### [Exercise directions]
The data that follows must be transcribed in full and exactly, minus the pictures.
(Beginning of Source records)
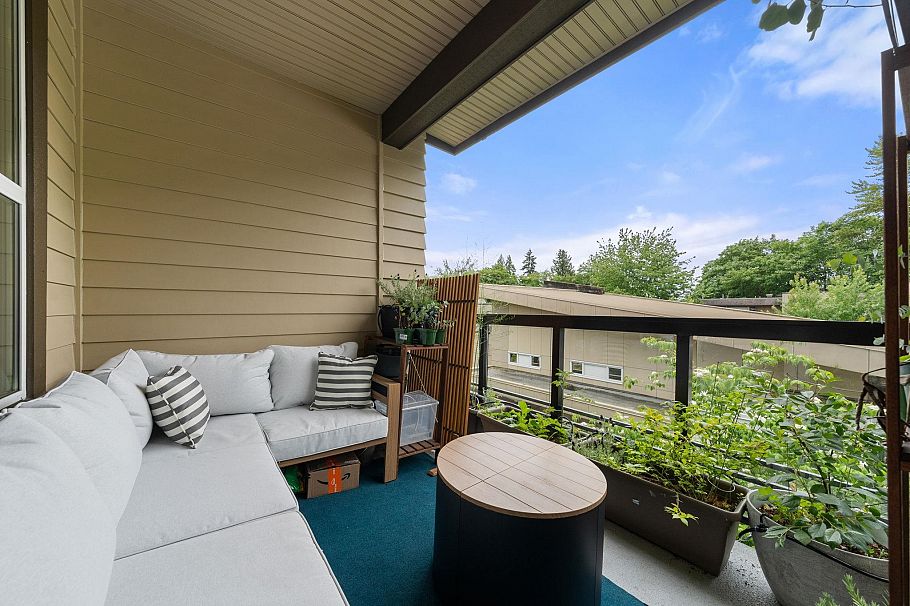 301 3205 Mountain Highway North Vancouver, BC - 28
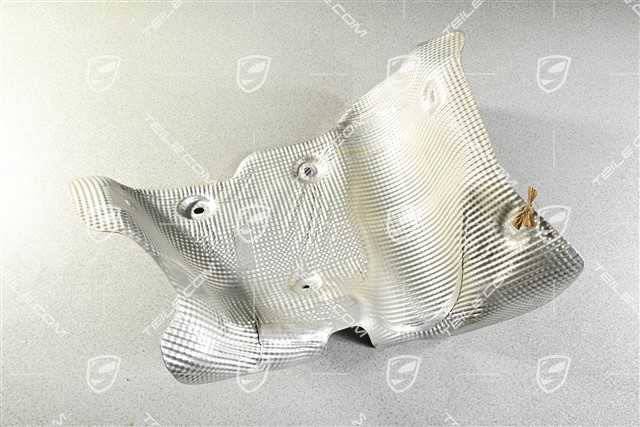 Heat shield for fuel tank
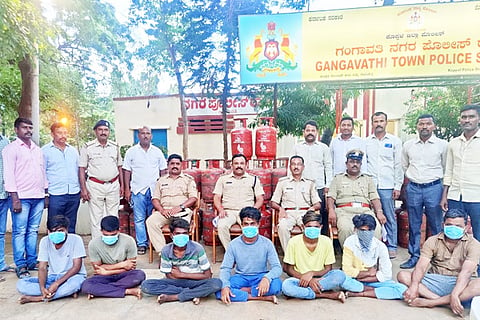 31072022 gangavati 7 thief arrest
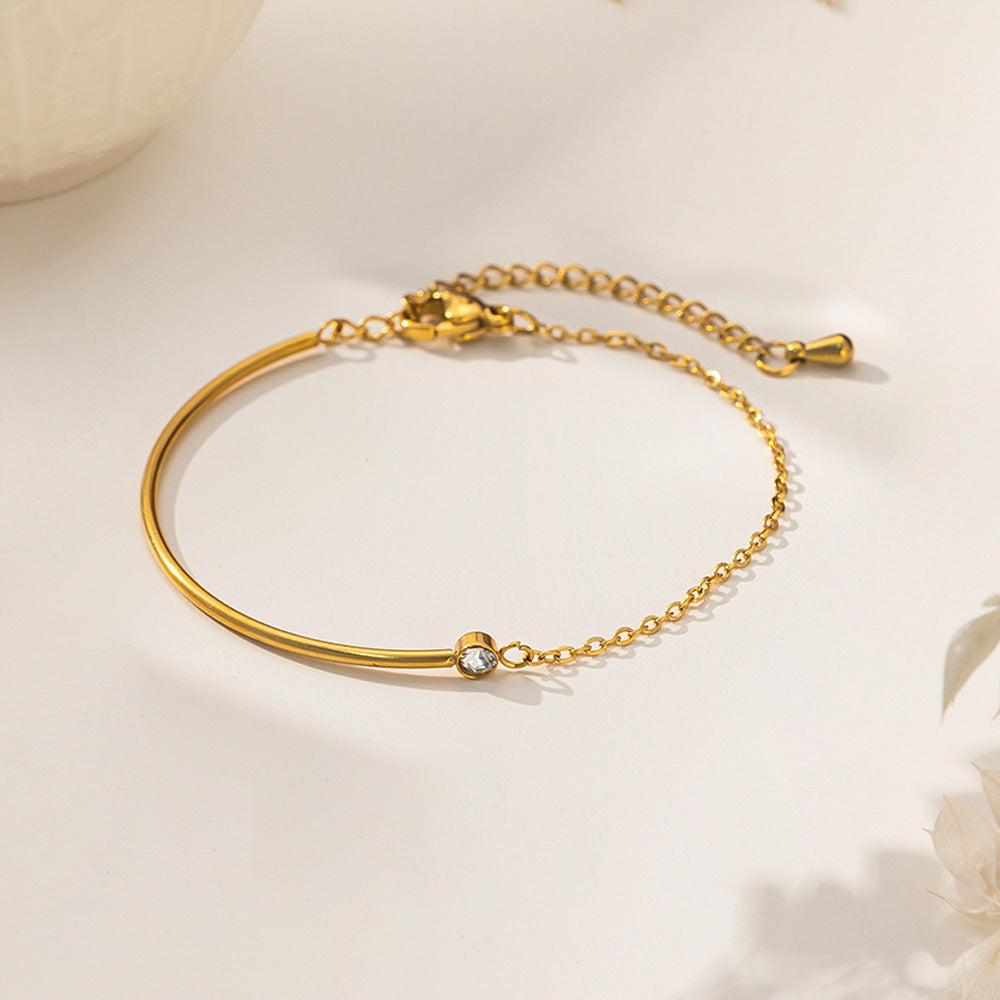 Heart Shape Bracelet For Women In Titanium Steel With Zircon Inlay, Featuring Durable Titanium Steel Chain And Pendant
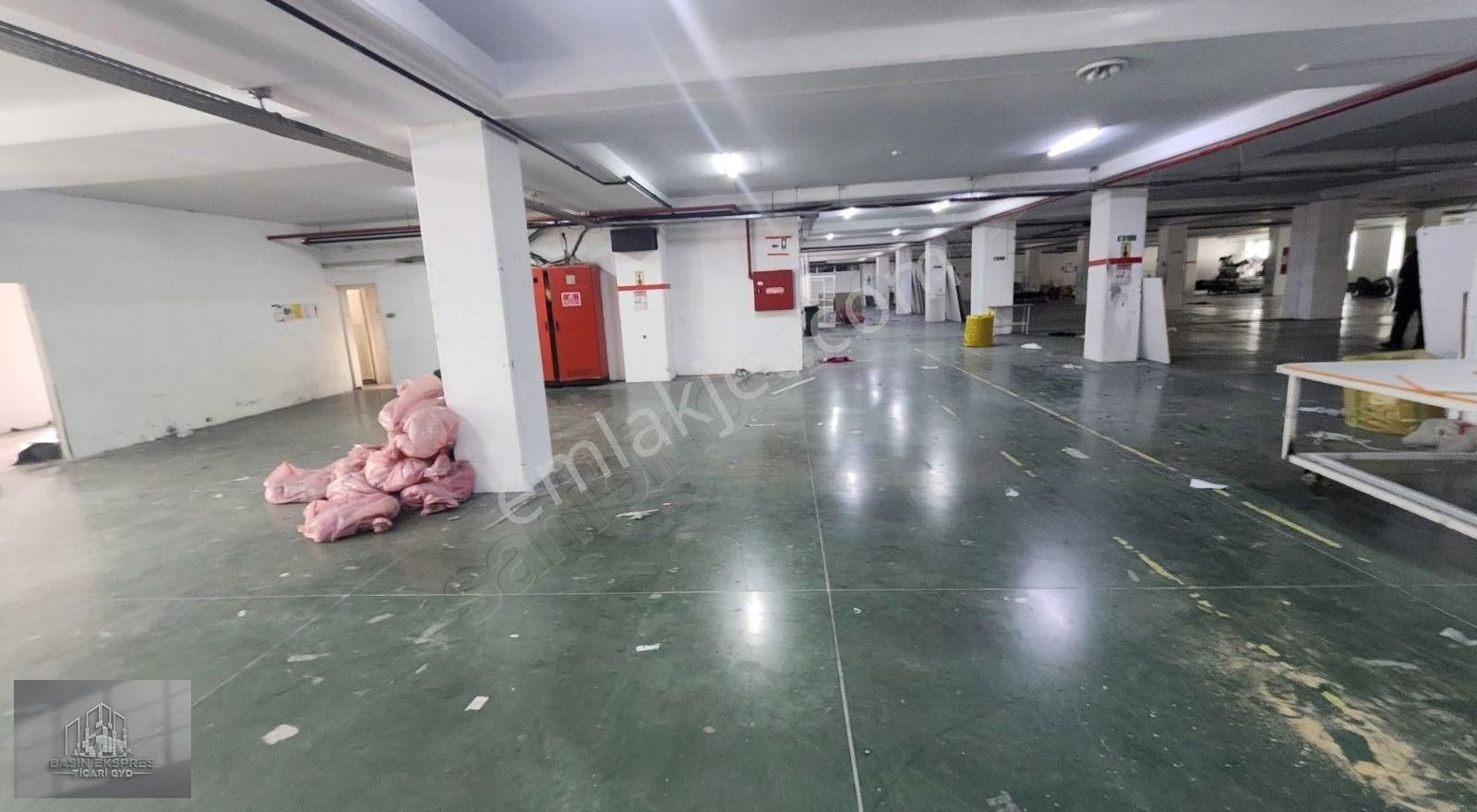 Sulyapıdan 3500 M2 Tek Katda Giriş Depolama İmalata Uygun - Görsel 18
(End of Source records)
### [Answer area]
 301 3205 Mountain Highway North Vancouver, BC - 28
 Heat shield for fuel tank
 31072022 gangavati 7 thief arrest
 Heart Shape Bracelet For Women In Titanium Steel With Zircon Inlay, Featuring Durable Titanium Steel Chain And Pendant
 Sulyapıdan 3500 M2 Tek Katda Giriş Depolama İmalata Uygun - Görsel 18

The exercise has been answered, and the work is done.